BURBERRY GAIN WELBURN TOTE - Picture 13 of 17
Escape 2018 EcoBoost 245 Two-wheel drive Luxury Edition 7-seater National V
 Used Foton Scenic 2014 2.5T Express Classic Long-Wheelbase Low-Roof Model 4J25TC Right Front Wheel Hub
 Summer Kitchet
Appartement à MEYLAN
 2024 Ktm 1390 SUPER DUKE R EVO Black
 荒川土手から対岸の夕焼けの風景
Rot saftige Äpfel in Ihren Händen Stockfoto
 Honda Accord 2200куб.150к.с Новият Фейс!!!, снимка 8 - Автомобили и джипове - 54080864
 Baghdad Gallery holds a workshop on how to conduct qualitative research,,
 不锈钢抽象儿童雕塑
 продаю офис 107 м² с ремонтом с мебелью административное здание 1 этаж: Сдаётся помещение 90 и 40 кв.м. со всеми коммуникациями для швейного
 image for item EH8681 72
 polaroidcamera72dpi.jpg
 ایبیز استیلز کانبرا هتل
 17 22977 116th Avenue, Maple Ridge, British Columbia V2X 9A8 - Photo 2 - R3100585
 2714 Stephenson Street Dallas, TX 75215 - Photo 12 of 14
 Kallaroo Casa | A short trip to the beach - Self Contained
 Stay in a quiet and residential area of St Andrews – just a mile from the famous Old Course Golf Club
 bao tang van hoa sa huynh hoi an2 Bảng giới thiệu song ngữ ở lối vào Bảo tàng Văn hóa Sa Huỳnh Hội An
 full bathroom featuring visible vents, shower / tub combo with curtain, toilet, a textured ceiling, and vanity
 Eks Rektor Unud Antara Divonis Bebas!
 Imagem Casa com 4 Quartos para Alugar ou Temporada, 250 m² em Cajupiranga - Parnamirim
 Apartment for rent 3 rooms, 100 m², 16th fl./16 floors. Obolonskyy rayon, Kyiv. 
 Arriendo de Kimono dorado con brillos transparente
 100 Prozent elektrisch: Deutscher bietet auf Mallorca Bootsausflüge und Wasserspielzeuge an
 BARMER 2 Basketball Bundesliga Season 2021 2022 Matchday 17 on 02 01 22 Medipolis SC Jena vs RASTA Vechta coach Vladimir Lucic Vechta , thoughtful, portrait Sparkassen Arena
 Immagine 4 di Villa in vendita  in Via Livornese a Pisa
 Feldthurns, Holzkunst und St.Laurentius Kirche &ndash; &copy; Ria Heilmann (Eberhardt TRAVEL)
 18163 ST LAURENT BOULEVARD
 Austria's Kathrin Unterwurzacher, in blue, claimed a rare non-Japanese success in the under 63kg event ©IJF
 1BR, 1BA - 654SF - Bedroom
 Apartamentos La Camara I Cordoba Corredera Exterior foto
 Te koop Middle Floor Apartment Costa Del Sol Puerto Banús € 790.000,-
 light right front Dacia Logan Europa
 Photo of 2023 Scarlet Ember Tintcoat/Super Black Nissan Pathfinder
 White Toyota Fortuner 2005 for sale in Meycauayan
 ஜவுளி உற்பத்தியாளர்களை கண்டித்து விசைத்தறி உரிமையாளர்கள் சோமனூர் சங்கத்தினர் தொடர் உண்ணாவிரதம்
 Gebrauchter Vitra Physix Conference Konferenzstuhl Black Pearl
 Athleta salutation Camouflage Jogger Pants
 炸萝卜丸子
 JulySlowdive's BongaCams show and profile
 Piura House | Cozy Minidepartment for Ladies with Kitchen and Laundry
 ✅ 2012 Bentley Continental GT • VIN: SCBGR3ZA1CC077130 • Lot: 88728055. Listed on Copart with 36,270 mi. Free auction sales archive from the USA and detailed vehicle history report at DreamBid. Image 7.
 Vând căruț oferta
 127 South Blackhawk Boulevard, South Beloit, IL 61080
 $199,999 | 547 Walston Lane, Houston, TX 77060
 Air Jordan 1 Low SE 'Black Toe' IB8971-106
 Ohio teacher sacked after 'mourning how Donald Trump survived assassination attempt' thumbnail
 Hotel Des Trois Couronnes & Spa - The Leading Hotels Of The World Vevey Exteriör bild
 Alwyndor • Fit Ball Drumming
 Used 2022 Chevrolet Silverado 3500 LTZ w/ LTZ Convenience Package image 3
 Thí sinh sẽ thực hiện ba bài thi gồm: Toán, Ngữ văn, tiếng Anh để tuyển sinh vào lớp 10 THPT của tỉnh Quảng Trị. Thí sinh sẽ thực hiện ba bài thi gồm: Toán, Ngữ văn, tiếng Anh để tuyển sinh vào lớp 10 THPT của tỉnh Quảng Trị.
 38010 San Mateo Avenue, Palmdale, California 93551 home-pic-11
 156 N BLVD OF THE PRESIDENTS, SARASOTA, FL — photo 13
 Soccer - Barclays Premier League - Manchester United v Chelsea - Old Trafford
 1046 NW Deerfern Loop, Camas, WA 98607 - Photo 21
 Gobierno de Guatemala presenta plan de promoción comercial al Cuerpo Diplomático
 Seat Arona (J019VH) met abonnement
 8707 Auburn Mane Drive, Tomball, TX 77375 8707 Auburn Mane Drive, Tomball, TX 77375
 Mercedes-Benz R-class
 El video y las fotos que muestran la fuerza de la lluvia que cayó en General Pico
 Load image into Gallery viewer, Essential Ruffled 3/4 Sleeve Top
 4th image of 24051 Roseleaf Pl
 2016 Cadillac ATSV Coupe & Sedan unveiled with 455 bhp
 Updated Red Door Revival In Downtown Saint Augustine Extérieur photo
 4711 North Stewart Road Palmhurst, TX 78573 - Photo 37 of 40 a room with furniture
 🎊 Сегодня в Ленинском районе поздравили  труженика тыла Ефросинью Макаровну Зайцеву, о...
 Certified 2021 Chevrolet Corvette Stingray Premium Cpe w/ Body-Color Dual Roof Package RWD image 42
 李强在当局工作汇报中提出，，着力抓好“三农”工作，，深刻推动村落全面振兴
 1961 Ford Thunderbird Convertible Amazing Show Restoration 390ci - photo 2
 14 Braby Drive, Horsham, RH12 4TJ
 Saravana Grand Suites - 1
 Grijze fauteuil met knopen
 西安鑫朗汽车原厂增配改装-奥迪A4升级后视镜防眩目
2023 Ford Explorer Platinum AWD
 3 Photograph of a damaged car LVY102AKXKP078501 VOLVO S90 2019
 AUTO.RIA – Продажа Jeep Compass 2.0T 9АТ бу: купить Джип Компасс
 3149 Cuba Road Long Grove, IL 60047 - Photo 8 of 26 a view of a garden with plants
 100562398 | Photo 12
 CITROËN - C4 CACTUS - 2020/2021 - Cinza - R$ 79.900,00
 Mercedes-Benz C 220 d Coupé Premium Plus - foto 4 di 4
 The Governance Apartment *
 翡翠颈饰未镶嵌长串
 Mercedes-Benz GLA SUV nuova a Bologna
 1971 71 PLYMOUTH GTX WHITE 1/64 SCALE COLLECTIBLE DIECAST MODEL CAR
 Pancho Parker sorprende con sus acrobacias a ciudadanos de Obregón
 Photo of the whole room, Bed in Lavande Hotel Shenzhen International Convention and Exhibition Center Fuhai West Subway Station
============================================================
◆ WORK TO COMPLETE
Extract exactly and only the lines above from the line containing "ஜவுளி உற்பத்தியாளர்களை கண்டித்து" through the line containing "Seat Arona (J019VH) met abonnement", both end lines included.

◆ RESULT
 ஜவுளி உற்பத்தியாளர்களை கண்டித்து விசைத்தறி உரிமையாளர்கள் சோமனூர் சங்கத்தினர் தொடர் உண்ணாவிரதம்
 Gebrauchter Vitra Physix Conference Konferenzstuhl Black Pearl
 Athleta salutation Camouflage Jogger Pants
 炸萝卜丸子
 JulySlowdive's BongaCams show and profile
 Piura House | Cozy Minidepartment for Ladies with Kitchen and Laundry
 ✅ 2012 Bentley Continental GT • VIN: SCBGR3ZA1CC077130 • Lot: 88728055. Listed on Copart with 36,270 mi. Free auction sales archive from the USA and detailed vehicle history report at DreamBid. Image 7.
 Vând căruț oferta
 127 South Blackhawk Boulevard, South Beloit, IL 61080
 $199,999 | 547 Walston Lane, Houston, TX 77060
 Air Jordan 1 Low SE 'Black Toe' IB8971-106
 Ohio teacher sacked after 'mourning how Donald Trump survived assassination attempt' thumbnail
 Hotel Des Trois Couronnes & Spa - The Leading Hotels Of The World Vevey Exteriör bild
 Alwyndor • Fit Ball Drumming
 Used 2022 Chevrolet Silverado 3500 LTZ w/ LTZ Convenience Package image 3
 Thí sinh sẽ thực hiện ba bài thi gồm: Toán, Ngữ văn, tiếng Anh để tuyển sinh vào lớp 10 THPT của tỉnh Quảng Trị. Thí sinh sẽ thực hiện ba bài thi gồm: Toán, Ngữ văn, tiếng Anh để tuyển sinh vào lớp 10 THPT của tỉnh Quảng Trị.
 38010 San Mateo Avenue, Palmdale, California 93551 home-pic-11
 156 N BLVD OF THE PRESIDENTS, SARASOTA, FL — photo 13
 Soccer - Barclays Premier League - Manchester United v Chelsea - Old Trafford
 1046 NW Deerfern Loop, Camas, WA 98607 - Photo 21
 Gobierno de Guatemala presenta plan de promoción comercial al Cuerpo Diplomático
 Seat Arona (J019VH) met abonnement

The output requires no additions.